Wii U Party really is a great game. Tons of fun... though you really need friends to play with you for the best of the game. That is the only downside. Computers are fine but... they don't make up for the fun you'll get with friends.



Mommar said:

I like to read these articles particularly because I don't have a family or children of my own. I have a WiiU and I often wonder if my niece and nephew might benefit from playing it. My brother seems to only view things from a singles gamer mode still and doesn't seem to see the value in having one or what could be accomplished with the kids if he did (also, his wife kind of sucks when it comes to the kids playing games.)

This article seems to suggest what I've always assumed could be fun times with my niece and nephew, or fun times for my brother's family if why would only buy their own WiiU.



Gerbwmu said:

I grew up playing video it's only natural that I want my children to play games as it's an excuse for me to play more, but as a parent I'm also mindful of the types of things they experience at a young really is why I opt for Nintendo over other options. I know there will be no shortage of quality games for my children and I to enjoy playing together.



rjejr said:

"a universal measure in terms of value for money"

For the longest time I've had a $1 per hour ratio for my video game playing. I think this comes from pretty much only playing JRPGS on the PS1. And while this may not seem realistic today w/ $60 games that last 6 - 8 hours I find Gamefly and Redbox and used game deals help me keep pretty close to that goal.

Being a father of 2 sons myself one thing I immediately noticed about that video was how young the kids look. My boys are 8 and 11 and I still think of them as boys - well because they are boys - but they are very different than the kids in this video who look to be 4 or 5. We've played Wii Party and Wii Play Motion but never for long. And they seem to have outgrown Wii Sports and Resort and Go Vacation as well. Wii Sports Club held there attention for about 5 minutes. Now they spend a lot of time playing multiplayer - every Pikmin 3 co-op level they can - and Skylanders 1 and 2 while they wait for Santa to bring 3. Problem is, they are both very sore losers and therefore only play co-op modes. Even in the 400+ hours they've put into SSBB it's mostly been teaming up against the AI.

So on the one hand I've been a very poor parent teaching my children how to lose properly, but OTOH they are very good teammates considering they are 2 1/2 years apart. And we are all very much looking forward to playing SM3DW together. Even my wife. Well she's not excited as we are, but she is looking forward to it.



andyrob_24_7 said:

@rjejr it will be interesting to see how tastes and gaming behaviour changes as my children get older. The boys being 6 and 8 perhaps I'm not seeing the same pattern as yours yet. Have they tried Disney Infinity? My kids like that because it's more co-operative and your can go your own way.



andyrob_24_7 said:

@Gerbwmu finding games to play together has been a key one for us. I'm often surprised by what we take to. In fact since writing this we've had a resurgence with Let's Catch WiiWare game. It's not only surprisingly detailed game-play mechanics but deals with significant issues like abandonment, family break up and unrequited love. Certainly lots to talk about.



sinalefa said:

Well, for me Smash Brothers is one of those games. Also Excitebots.
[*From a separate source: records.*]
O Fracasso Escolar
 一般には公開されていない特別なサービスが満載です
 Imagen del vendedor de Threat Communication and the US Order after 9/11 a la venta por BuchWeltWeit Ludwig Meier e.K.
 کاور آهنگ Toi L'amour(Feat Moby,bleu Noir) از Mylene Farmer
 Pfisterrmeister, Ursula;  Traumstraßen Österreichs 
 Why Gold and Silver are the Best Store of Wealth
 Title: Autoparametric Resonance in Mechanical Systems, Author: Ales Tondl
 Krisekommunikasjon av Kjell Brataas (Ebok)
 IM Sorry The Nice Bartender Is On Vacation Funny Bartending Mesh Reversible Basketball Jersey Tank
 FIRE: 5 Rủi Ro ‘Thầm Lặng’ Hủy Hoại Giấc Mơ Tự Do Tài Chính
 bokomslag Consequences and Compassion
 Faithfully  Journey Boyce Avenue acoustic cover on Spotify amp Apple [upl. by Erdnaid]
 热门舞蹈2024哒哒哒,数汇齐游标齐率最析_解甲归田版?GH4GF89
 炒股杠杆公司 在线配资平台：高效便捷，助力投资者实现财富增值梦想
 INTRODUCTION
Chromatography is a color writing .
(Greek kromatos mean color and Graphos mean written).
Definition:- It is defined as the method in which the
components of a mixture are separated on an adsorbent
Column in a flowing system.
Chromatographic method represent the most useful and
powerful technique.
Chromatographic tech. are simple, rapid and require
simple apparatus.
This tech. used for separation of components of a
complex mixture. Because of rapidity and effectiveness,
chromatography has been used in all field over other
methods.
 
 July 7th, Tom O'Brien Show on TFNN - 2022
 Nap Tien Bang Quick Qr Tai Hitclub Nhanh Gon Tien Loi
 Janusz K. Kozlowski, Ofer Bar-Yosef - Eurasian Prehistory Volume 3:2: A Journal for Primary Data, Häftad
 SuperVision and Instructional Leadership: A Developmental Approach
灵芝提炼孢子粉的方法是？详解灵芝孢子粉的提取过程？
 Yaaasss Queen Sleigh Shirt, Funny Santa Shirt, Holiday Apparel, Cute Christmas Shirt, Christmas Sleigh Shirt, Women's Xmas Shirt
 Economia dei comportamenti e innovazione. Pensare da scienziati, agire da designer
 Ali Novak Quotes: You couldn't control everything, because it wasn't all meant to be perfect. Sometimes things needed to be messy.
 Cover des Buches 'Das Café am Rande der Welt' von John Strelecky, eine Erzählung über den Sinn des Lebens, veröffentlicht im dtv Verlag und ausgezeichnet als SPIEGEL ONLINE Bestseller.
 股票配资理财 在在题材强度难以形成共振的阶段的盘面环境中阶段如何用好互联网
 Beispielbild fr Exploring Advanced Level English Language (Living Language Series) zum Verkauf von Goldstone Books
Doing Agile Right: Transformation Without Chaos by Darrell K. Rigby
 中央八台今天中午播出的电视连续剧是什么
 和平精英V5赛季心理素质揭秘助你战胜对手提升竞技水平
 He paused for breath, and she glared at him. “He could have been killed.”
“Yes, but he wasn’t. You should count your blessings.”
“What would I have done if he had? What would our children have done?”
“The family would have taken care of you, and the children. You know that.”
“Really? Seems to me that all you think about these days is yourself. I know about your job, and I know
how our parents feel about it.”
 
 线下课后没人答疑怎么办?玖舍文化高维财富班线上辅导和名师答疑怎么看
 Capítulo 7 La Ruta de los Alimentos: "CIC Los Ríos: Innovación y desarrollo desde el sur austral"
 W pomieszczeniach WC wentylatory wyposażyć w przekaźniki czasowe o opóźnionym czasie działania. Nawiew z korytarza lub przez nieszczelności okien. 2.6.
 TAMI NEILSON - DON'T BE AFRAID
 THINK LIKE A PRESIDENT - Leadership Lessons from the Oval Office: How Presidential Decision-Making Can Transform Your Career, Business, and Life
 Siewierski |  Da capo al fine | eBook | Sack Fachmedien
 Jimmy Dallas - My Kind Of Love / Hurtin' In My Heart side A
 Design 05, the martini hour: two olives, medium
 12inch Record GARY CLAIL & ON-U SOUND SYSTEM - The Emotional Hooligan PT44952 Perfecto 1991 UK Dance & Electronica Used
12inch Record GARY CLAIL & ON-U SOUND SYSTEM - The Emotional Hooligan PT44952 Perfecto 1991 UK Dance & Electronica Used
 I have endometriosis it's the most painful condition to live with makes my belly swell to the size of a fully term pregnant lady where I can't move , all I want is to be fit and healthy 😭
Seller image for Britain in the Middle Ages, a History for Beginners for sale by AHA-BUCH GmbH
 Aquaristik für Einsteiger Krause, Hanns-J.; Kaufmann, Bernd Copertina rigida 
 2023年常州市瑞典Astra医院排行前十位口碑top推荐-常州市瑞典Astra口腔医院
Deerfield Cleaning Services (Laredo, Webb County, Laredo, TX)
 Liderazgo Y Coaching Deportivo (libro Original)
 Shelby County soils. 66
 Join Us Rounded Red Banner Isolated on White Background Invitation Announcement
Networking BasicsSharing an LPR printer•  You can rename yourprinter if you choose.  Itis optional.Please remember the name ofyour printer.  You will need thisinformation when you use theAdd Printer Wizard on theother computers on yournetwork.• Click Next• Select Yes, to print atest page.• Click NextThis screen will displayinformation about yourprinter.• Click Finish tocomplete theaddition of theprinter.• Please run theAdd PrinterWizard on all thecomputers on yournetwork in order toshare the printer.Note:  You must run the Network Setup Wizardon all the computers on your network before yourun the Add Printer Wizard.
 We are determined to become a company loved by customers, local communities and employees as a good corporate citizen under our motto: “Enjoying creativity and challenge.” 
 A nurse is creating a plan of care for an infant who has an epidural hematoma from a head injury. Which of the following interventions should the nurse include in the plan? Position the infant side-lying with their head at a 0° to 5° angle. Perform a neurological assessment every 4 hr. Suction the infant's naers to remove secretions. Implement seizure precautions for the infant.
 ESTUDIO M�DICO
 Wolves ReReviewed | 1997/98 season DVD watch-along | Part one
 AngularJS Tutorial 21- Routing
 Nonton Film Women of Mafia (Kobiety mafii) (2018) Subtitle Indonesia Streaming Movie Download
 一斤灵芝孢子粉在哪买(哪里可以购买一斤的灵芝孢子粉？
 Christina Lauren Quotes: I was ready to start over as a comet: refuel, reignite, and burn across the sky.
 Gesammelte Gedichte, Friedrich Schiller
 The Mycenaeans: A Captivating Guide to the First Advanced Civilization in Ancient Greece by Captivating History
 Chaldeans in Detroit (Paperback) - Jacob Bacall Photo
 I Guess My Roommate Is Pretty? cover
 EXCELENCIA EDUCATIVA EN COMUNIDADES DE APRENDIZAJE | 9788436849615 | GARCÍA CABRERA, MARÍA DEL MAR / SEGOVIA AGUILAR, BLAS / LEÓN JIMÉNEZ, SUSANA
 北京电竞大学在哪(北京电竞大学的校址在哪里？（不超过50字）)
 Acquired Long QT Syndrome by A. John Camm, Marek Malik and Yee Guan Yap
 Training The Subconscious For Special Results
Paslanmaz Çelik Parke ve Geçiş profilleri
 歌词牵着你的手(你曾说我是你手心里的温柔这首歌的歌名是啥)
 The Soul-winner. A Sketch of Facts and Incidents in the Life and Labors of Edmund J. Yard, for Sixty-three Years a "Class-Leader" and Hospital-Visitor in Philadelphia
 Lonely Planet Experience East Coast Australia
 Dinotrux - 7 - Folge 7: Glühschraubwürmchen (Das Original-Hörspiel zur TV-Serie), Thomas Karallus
It is not a nice thing to lose. My brother and I are both grown ups (I am 34, he is 41) and we never play competitively. Guess some people never learn to lose, haha. When we play together it will always be a co op game.

Hopefully that will strengthen your boys' bond with each other, instead of making them trying to feel superior to one another.



Flowerlark said:

Hmmm, there are quite a few games that I keep coming back to, but I'd say the top one is Wind Waker. Even though it's a single player game, my family and friends love to sit around and watch me play it since I've run through it so many times I've become an expert at it. It's become a delight to me and family to play through it again and again, even 10 years later as we experience the WiiU remake (though we still prefer the original).



Gerbwmu said:

At 5 & 3 we play a lot of Mario Kart, Wii Play, Wii Sports, Lego City, Wii Fit U and Nintendo Land. They also love to watch me play any Mario game and at points they take the controller and play for a few minutes.

The 5 year old is starting to get the hang of the gamepad and is in love with Edge and Toki Tori.

Wii Party U is a family Christmas gift that I'm sure they will enjoy. I will probably buy SMB3D after Christmas as well. after listing all those games I feel like I'm letting them play way too many video games.......the dilemma of being a parent......



idork99 said:

No kids personally but I am the cool uncle with the video games amongst my nephews and nieces. Although they have many options to gaming, the latest craze seems to be Super Mario 3D World. Most games, they'll play it a bit, have a little fun, and that's it. With the newest Mario, they can't seem to get enough. I always tell the older ones to wait for the little ones in multiplayer. But I love how the older ones teach the younger ones and they all seem to get on the same page quickly. Mario is only been out for a couple of weeks but I feel that the kids will be playing this for the next couple of months and well beyond.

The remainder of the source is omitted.